- [TASK REQUIREMENTS]:
Drop every picture and copy exactly the lines from the one with "Campingmeubelen met korting" through the last line of the listing below.

──────── THE DATA

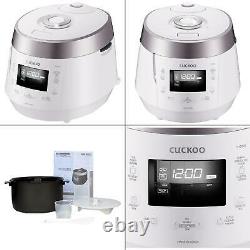 Cuckoo 10-cup high pressure rice cooker in white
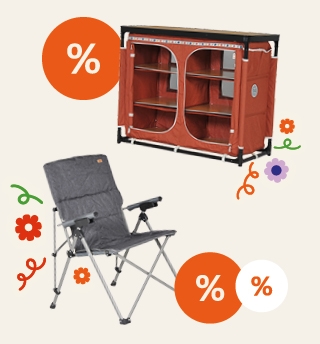 Campingmeubelen met korting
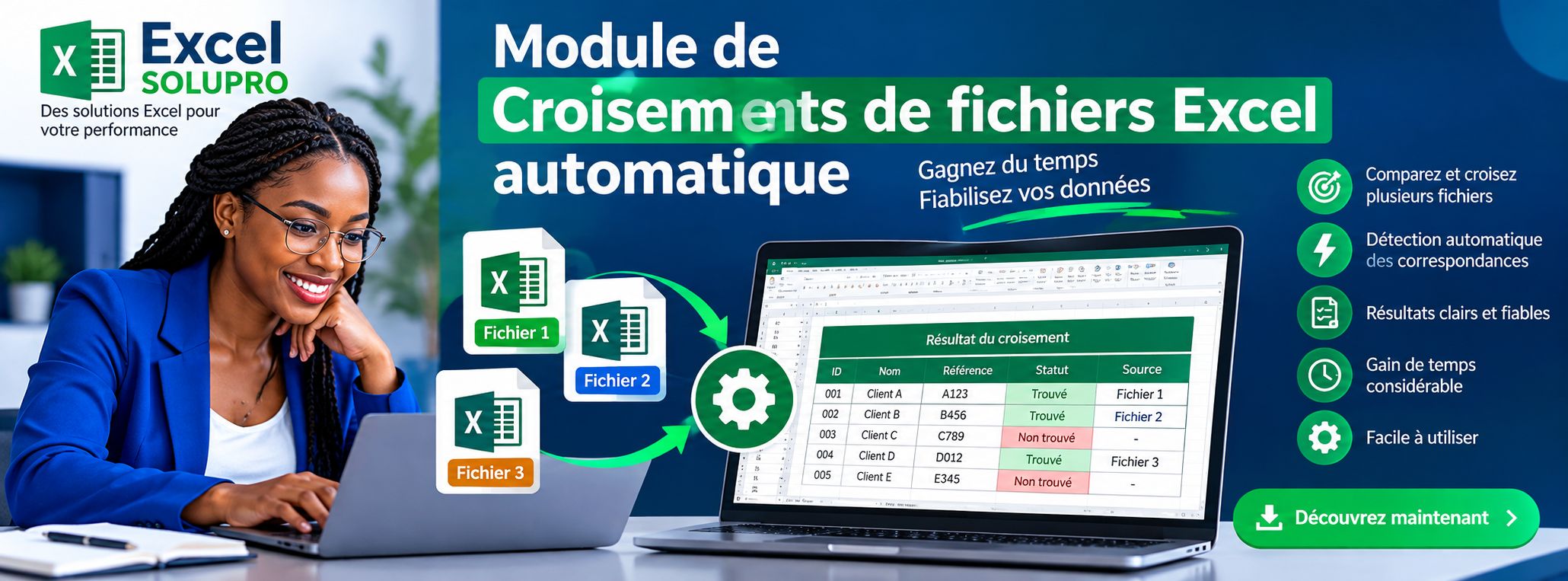 Module de Croisements de fichiers Excel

────────────────

- [RESPONSE TO THIS EXERCISE]:
 Campingmeubelen met korting
 Module de Croisements de fichiers Excel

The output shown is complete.